12 Jun 2018

Neo4j: Building a graph of Strava activities

In my last post I showed how to import activities from Strava’s API into Neo4j using only the APOC library, but that was only part of the graph so I thought I’d share the rest of what I’ve done.

The Graph Model

In the previous post I showed how to import nodes with Run label, but there are some other pieces of data that I wanted to import as well. Segments are member created portions of a road where users can compete for time. A run can have SegmentEfforts on Segments where a segment effort will indicate how long it took to complete that segment.

Each run also has 'best efforts' where Strava indicates a predicted time for different distances (e.g. 1km, 1 mile, 2 miles, 5km etc) In the graph model we’ll create DistanceEffort nodes for each run and a Distance node to represent each distance.

This is what our graph should look like. This diagram was created using Alistair Jones' Arrows tool in case you want to create your own.

Create constraints

Before we import any data we’ll set up some constraints so we don’t end up with duplicate nodes. When we create a constraint on a (label, property) pair an index is also created so it’ll help speed up the import process as well.

CREATE CONSTRAINT ON (d:Distance)
ASSERT d.name is UNIQUE;

CREATE CONSTRAINT ON (r:Run)
ASSERT r.id is UNIQUE;

CREATE CONSTRAINT ON (d:DistanceEffort)
ASSERT d.id is UNIQUE;

CREATE CONSTRAINT ON (s:SegmentEffort)
ASSERT s.id is UNIQUE;

CREATE CONSTRAINT ON (s:Segment)
ASSERT s.id is UNIQUE;

Importing data

First we’ll create a parameter that contains our Strava token for interacting with their API. You can generate a token via the 'Create and Manage Your App' page.

:param stravaToken => "Bearer <strava-token>";

Now we’re ready to import some data!

The data we want to import comes from several different API endpoints, but we’ll start with the Run nodes.
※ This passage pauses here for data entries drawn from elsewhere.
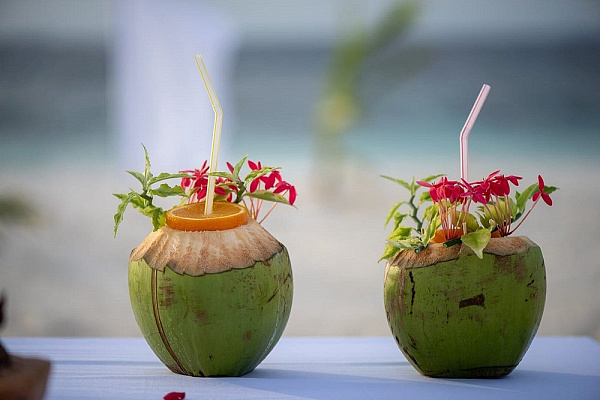 Safari Island Resort & Spa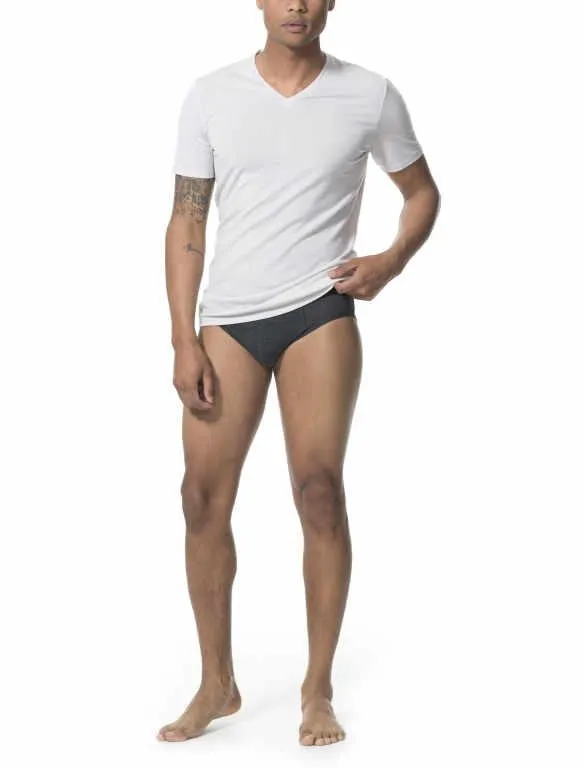 icebreaker Merino Undergarment Men's Anatomica Briefs Underwear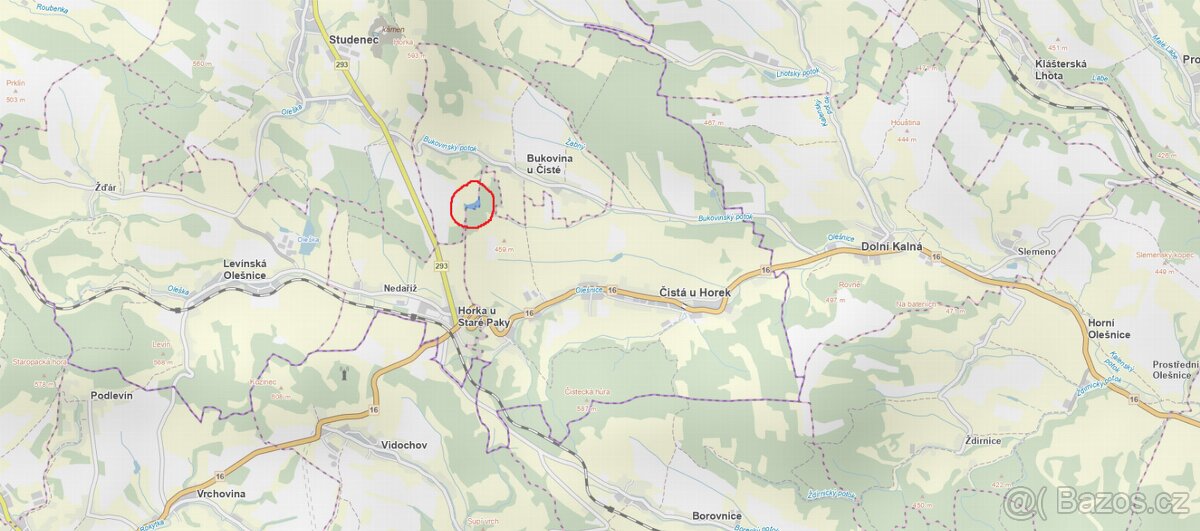 Prodám lesní pozemky v k.ú. Bukovina u Čisté. - 3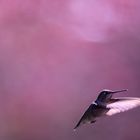 Hummingbird_Magenta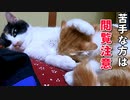 避妊しないとこうなります【猫の発情】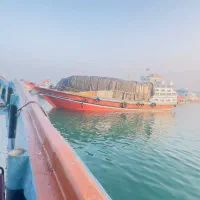 واردات تهلنجی نخل تقی عسلویه بدون واسطه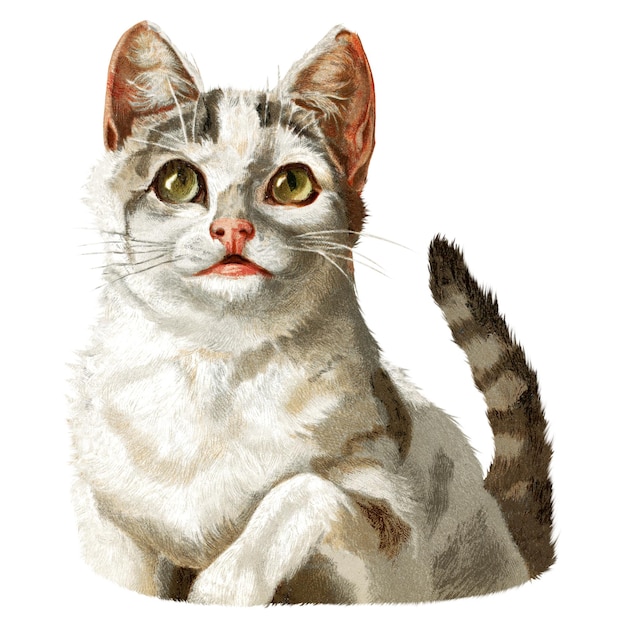 PNG Witte kat vintage dier illustratie door Harry Beard transparante achtergrond Remix door rawpixel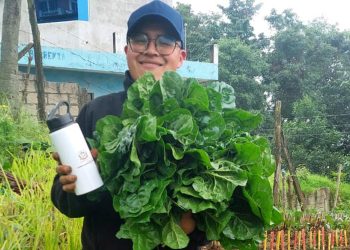 Huertos escolares de San Marcos empiezan cosechas. / Foto: MAGA.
We can get these from the List Athlete Activities part of the API.

This is a sample of what the response from that endpoint looks like:

[
  {
      "name": "Morning Run",
      "distance": 3465.8,
      "moving_time": 1375,
      "elapsed_time": 1420,
      "total_elevation_gain": 0,
      "type": "Run",
      "id": 214959724,
      "start_date": "2014-11-03T06:15:07Z",
      "start_date_local": "2014-11-03T06:15:07Z",
      "timezone": "(GMT+00:00) Europe/London",
      "utc_offset": 0,
      "average_speed": 2.521,
      "max_speed": 6.9,
      "has_heartrate": false,
      "elev_high": 10,
      "elev_low": 6,
    },
]

We will use the apoc.load.jsonParams procedure from the APOC library to help us import this data. My colleague Jennifer Reif has written a blog post explaining how to install APOC and other plugins so check that out if you haven’t used APOC yet.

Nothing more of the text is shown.